On the Edge of Eternity: The Union of Realism and Surrealism in Plutenko’s “Jesus and the Samaritan”
Stanislov Plutenko is a Russian painter whose work blends Realism and Surrealism. His unique style is a perfect expression for the themes of story painted above, “Jesus and the Samaritan.” [From John 4 — refresh on the story here]. In the painting, Jesus and the Samaritan woman talk on the border between what we in despair may call “reality” or “facing the facts” and the seemingly-surreal vision of eternity.
The Realism is in the grim depiction of a ruined town. Jesus sits on a pile of rubble and the woman lowers her jar into what looks like an uncovered manhole. Crumbling buildings and a charred tree surround them — conveying a sense of decay. The top half of the painting could be a photograph of a city ravaged by war. In Realism, artists seek to “portray their subject matter in an honest and accurate light without disguising the more unpleasant elements of life” (source).
The chaos isn’t merely external. This woman, as Jesus points out, has had five husbands — and not because four died. The crumbling background represents a life of chaos and hurt as the woman frantically searches for something she cannot find. Who knows what her exact circumstances were, but the painting gives her a past where nothing lasts and everything falls apart.
When Jesus tells the woman to fetch her husband she says, “I have no husband” (John 4:17). Maybe she’s finally declared her independence and decided she doesn’t need a man. Maybe the woman is the victim of her own desires. Maybe each husband was a generally decent man who tried his best, but was simply mortal.
The Surrealist element emerges as the manhole drops off into a cloudy sky. The bottom half of the painting looks straight out of a fantasy — the white rabbit might disappear into that hole at any time and if the woman slips she might fall into Wonderland. In Surrealism, artists use “a variety of techniques to map the clockwork of their dreams and innermost imaginings” (source).

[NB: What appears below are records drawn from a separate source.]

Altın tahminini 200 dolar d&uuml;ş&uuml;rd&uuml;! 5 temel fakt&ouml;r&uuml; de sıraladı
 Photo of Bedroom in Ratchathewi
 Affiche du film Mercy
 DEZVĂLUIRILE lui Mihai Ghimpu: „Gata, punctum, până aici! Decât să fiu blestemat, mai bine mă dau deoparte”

The human heart longs for the eternal (Ecclesiastes 3:11). A heart has the potential and desire to receive perfect love, and believes it has found it when pulled into love with another (whose heart aches for the same). But, in what seems like a cruel trick, mortal hearts have a greater capacity to receive love than to give it.
And so a love between humans will never be fully satisfying. Driven by the emptiness in the unreached corners of our hearts, we search restlessly. And from man to man the Samaritan woman has moved — leaving behind ruins. The sky symbolizes the “living water” that Jesus offers the woman. An eternity that is terrifyingly cloudy, but that beckons nonetheless.
The painting draws our eyes to Jesus and the woman, who are positioned on the boundary of the real and surreal sections of the piece. Jesus knows the reputation she must have. He doesn’t condemn the woman for her adultery. He doesn’t tell her to “pull it together.” He doesn’t tell her to “shake it off” and remember that she doesn’t need anyone but herself.
He sits with her, amid the rubble. And he knows her struggle. Looking for complete happiness in another human is as futile as looking for drinking water in a manhole.
The woman encounters Christ at the divide between the ruins of her world and the depths of Heaven.
She stands, transfixed by Christ, as her jar is dipping towards the sky beyond the wreckage. In the story, He offers her living water — to quench the heart that (after five husbands) must have despaired of finding anyone. The woman later tells her village, “here is a man who told me all that I ever did” (John 4:29). In front of Jesus the woman is totally vulnerable, but also completely understood — perhaps for the first time in her life.
Combining surrealism and realism sounds like an oxymoron. But what is reality? Is it the ideals that inspire us? Is it the hard experiences that wound us?
Plutenko’s painting highlights the woman’s “reality” of marriages wrecked by fantasies promising satisfaction with something less than Christ. But the painting also reveals that the promise of “living water” may be a greater reality than anything yet known. It is here that Christ meets us — at the intersection of the eternal and the earthly.